● **INSTRUCTIONS TO FOLLOW**: An exact retyping of all lines below is the answer; pictures do not belong in it.

● **DATA FOR THIS EXERCISE**:
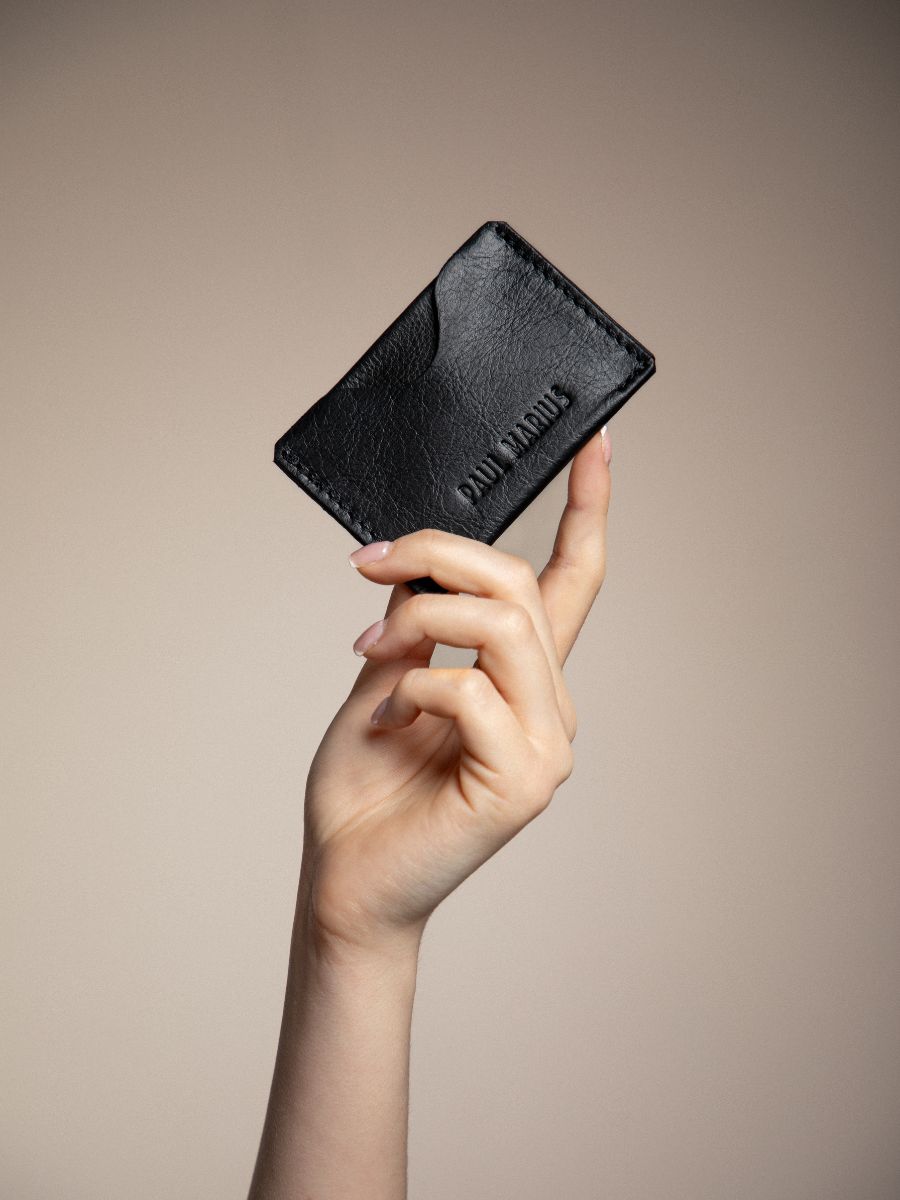 black-leather-card-holder-leporte-cartes-gabin-black-paul-marius-campaign-picture-m55-b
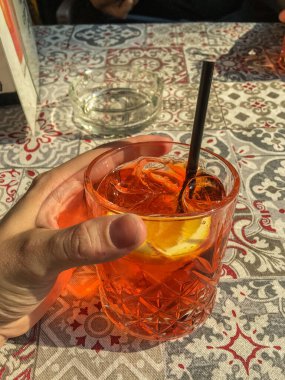 Tuscany 'de güneşli bir günde Aperol Spritz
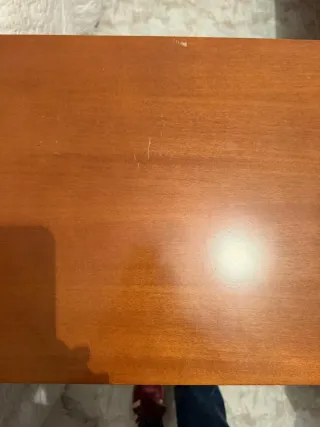 Mueble de madera con cajón y puertas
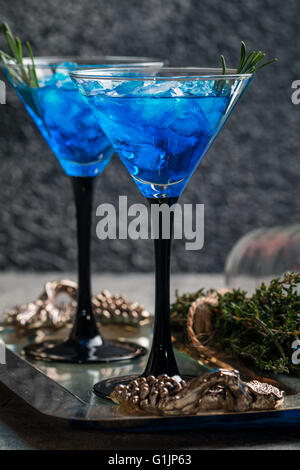 Cocktail bleu avec de la glace Banque D'Images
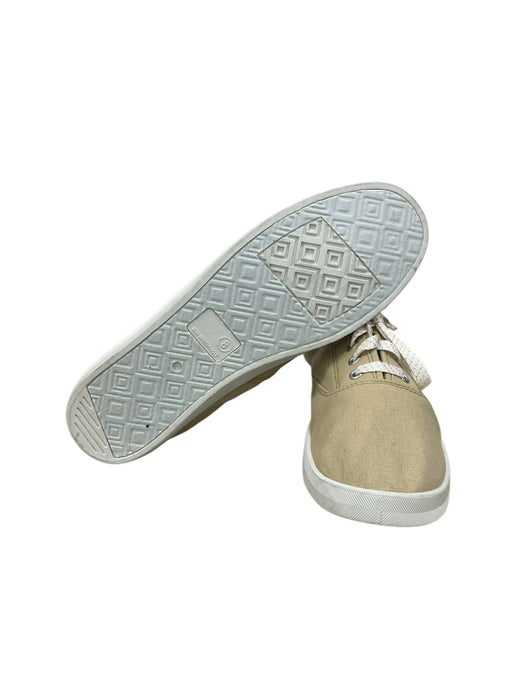 Tenis 8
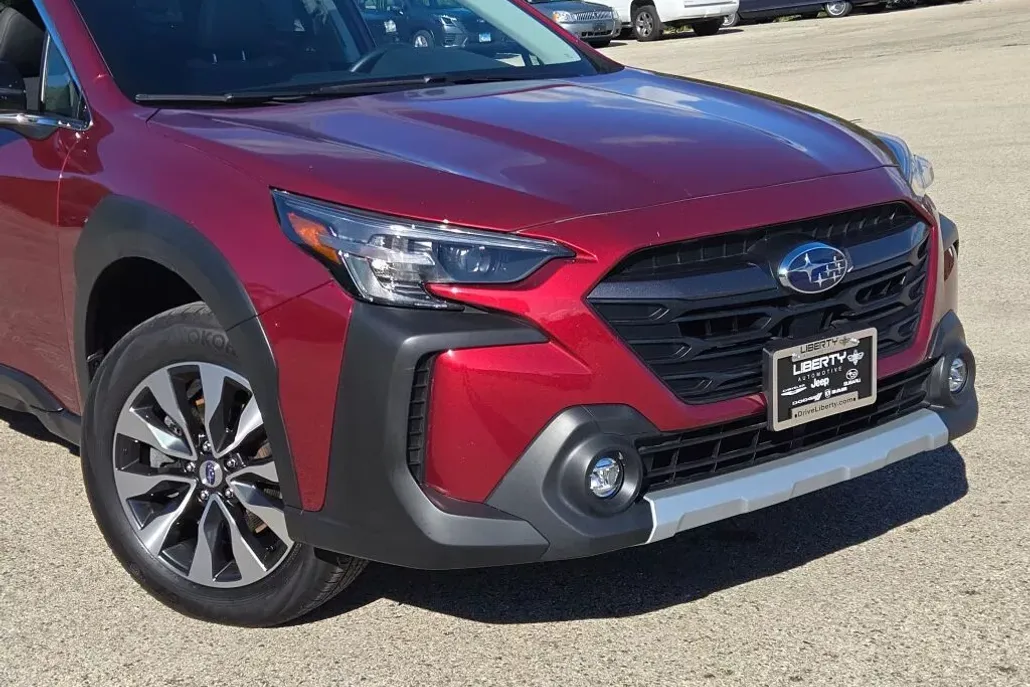 2023 Subaru Outback Limited photo 1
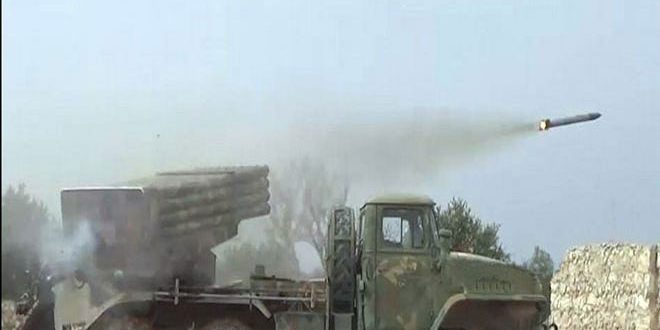 L’armée détruit un dépôt de munitions et des lance-roquettes des terroristes dans la banlieue de Hama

● **TASK RESULT**:
 black-leather-card-holder-leporte-cartes-gabin-black-paul-marius-campaign-picture-m55-b
 Tuscany 'de güneşli bir günde Aperol Spritz
 Mueble de madera con cajón y puertas
 Cocktail bleu avec de la glace Banque D'Images
 Tenis 8
 2023 Subaru Outback Limited photo 1
 L’armée détruit un dépôt de munitions et des lance-roquettes des terroristes dans la banlieue de Hama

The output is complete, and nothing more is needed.